There is a workplace bubble forming in the shape of holiday requests, that is likely to need freelance support to solve it. The Wall Street Journal recently reported a study of 3000 businesses showing holiday requests are half what they were last year. That’s an enormous backlog of holiday that people are going to be squeezing into the second half of the financial year.
Even if some companies do a deal with staff to pay them in lieu, that is still likely to increase absence in the second half of the year a problem to which freelancers are a solution.
Journolink: Interesting contextual stuff, but what is the position in the UK, in the freelance PR market?
Nigel: There is the data from Google. In the summer months search volumes for a collection of phrases relating to freelance PR increased 25%, indicating strong market interest.

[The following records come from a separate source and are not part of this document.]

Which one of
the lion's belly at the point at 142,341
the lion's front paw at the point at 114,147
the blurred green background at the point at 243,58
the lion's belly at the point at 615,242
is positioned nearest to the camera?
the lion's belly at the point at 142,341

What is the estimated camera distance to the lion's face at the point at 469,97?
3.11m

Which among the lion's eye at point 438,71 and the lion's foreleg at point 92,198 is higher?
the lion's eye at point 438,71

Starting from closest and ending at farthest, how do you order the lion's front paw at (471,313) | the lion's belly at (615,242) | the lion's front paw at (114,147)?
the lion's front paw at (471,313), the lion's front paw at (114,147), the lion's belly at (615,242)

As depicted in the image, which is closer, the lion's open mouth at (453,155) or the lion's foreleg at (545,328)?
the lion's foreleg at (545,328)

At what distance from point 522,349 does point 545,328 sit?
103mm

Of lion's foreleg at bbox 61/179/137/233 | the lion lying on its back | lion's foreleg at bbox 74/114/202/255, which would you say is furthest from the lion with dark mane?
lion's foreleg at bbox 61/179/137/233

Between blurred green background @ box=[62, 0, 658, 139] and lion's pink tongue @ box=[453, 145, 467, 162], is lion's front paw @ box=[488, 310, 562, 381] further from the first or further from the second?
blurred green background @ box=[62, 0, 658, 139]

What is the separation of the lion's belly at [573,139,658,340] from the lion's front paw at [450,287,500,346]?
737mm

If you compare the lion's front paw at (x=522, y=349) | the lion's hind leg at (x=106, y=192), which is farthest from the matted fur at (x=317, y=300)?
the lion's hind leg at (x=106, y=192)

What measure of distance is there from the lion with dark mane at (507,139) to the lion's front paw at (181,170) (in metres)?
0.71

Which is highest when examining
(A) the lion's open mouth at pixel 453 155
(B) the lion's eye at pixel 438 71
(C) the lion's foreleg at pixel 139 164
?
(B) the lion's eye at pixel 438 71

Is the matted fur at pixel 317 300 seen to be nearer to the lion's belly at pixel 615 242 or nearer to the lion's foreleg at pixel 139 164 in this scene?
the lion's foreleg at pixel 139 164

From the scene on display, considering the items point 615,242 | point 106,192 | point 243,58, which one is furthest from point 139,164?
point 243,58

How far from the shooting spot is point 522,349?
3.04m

That kind of data was enough for us to put our money where our mouth is and re-start our advertising after a period out of the market when the first lock downs hit. It has produced an increasing number of briefs on our platform and we intend to capture more of these searches from brand owners and clients for cost-efficient, expert freelance PR talent.

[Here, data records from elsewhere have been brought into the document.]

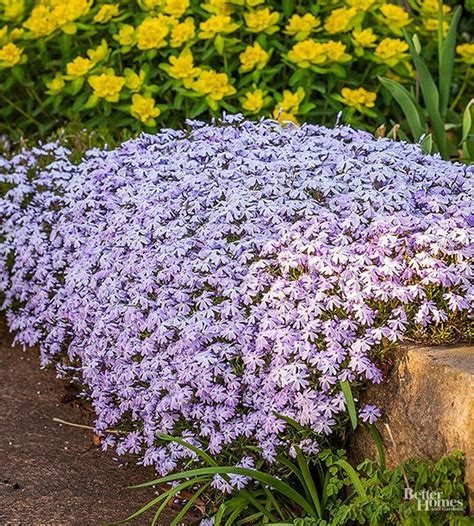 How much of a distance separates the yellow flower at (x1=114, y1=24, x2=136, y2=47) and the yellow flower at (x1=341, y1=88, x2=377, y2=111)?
3.29 ft

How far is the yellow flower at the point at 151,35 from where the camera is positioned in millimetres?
4445

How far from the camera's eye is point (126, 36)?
4559mm

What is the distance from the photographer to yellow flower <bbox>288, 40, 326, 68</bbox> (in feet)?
14.4

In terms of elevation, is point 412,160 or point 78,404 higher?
point 412,160

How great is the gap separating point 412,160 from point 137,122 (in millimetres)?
1662

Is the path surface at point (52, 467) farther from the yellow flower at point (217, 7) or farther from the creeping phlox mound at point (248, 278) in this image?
the yellow flower at point (217, 7)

Journolink: Does this mean you are calling an end to market turmoil?
Nigel: Definitely not, there is far too much uncertainty and you need a strong stomach to read some of the data on the jobs market.
Some sectors are going to be in intensive care for a long time, but others like tech and some professional services have been holding up well. There is some useful early analysis of consumer spending data on the Bank of England’s Bank Underground blog.
Overall, this is not a time to hang out the bunting and from our research, the feeling amongst freelancers themselves is mixed.
Journolink: OK what are PR freelancers telling you themselves?
Nigel: We sponsor the biggest Freelance PR Group on Facebook with around 3500 members.
A poll we ran in the group in the summer on how work capacity is looking got about 170 replies. Of these, 44% reported that work had already recovered to levels at or beyond where they were at lockdown while 30% said that some work had replaced their losses since lockdown but they were not yet back to where they were.
19% reported that work hadn’t returned to the losses sustained when lockdown hit.
This may seem like a fairly mixed picture hence out caution when using the word optimistic but you have to remember where the market was in Spring when we carried out a survey of the impact of the pandemic on freelance PR incomes.
The results were very sobering:
- Half had already lost over 60% of their income
- Two thirds of freelancers do not quality for support
- Six in 10 freelancers are the main household earner
- Almost half have limited companies so get no support
- Half are considering leaving freelancing altogether
- Until Covid-19 half were forecasting income growth of over 20% this year
Journolink: So what does this lead you to conclude?
Nigel: PR freelancers are agile and resourceful and with the economy feeling its way back with baby steps, the advantages of flexible freelance talent are going to in demand.
The megatrends that are shaping the future of freelance PR work that we have identified have not really gone away and we will continue to do all we can to support the growth of flexible expert PR talent in the market place.
We are biased of course, but when the economy is taking tentative steps to working out what has changed for ever and what is the same, being able to access PR expertise in a way that is low-risk, easy and cost efficient, is going to be more valuable than ever.